RFC 162 (v2) Heredoc contents

Perl6 RFC Librarian Sun, 01 Oct 2000 17:32:03 -0700
This and other RFCs are available on the web at
  http://dev.perl.org/rfc/

=head1 TITLE

Heredoc contents

=head1 VERSION

  Maintainer: Richard Proctor <[EMAIL PROTECTED]>
  Date: 27 Aug 2000
  Last Modified: 1 Oct 2000
  Mailing List: [EMAIL PROTECTED]
  Number: 162
  Version: 2
  Status: Frozen

=head1 ABSTRACT

The content of a Heredoc is normally included into the program verbatim.
RFC 111 allows whitespace (and comments) on the terminator.  This RFC covers
the content.  It introduces the <<< Enhanced Heredoc that removes whitespace
and discusses the provision of other dequoting options in the library and
documentation enhacements that should follow.

=head1 DESCRIPTION

=head2 Preamble

I originally wanted to remove leading whitespace from the lines in a heredoc,
several other people wanted to remove whitespace equivalent to the shortest
span of whitespace at the start of lines, or the whitespace from the first
line.  TomC pointed out ways to achieve the removal of the whitespace in
current perl, although this sort of works (as long as the user is consistent
about use of spaces and tabs).  I would like to make life easier.  This
attempts to bring all these ideas together.

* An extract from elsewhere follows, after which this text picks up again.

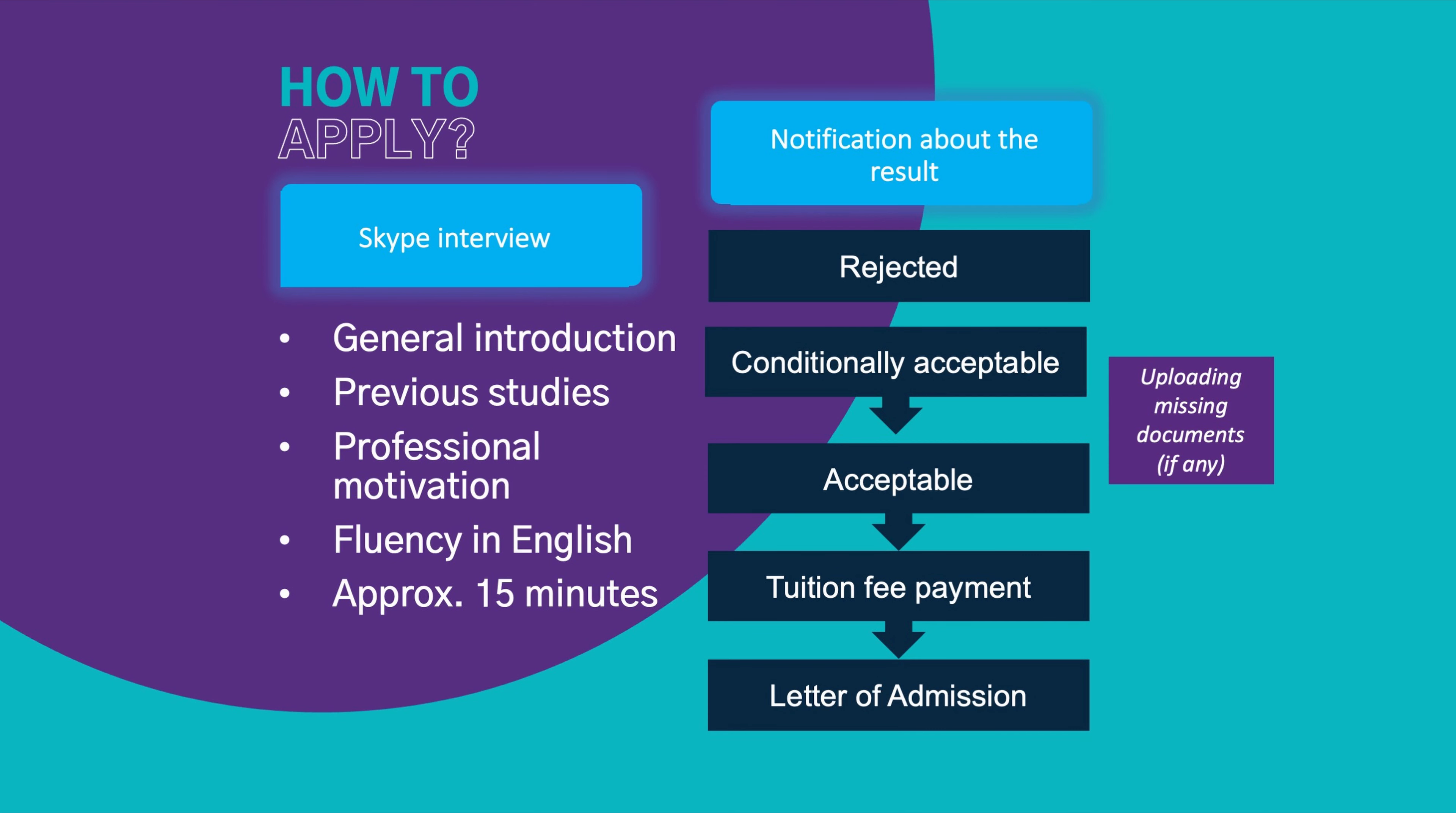Once we see that the tuition fee is on our bank account, then I will issue you the final admission letter, which includes the start date of the studies, the expected date of the graduation, the name of the program, your details as well. And this is the document that you need for the visa application, that's what they will ask for. Obviously they will ask for other documents as well, but this is one of the most important ones.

=head2 Discussion of options

There are several possible ways that have been discussed:

a) No Indenting - this is the current behaviour of <<.

b) Remove all leading whitespace from all lines of input.

This was not popular - no longer supported in this RFC.

c) Remove whitespace equivalent to the first line of the Heredoc

This was not popular - it did not fit many peoples requirements.

d) Remove whitespace equialent to the smallest whitespace - a Realistic
option, this can be performed by using regexes and the dequote function.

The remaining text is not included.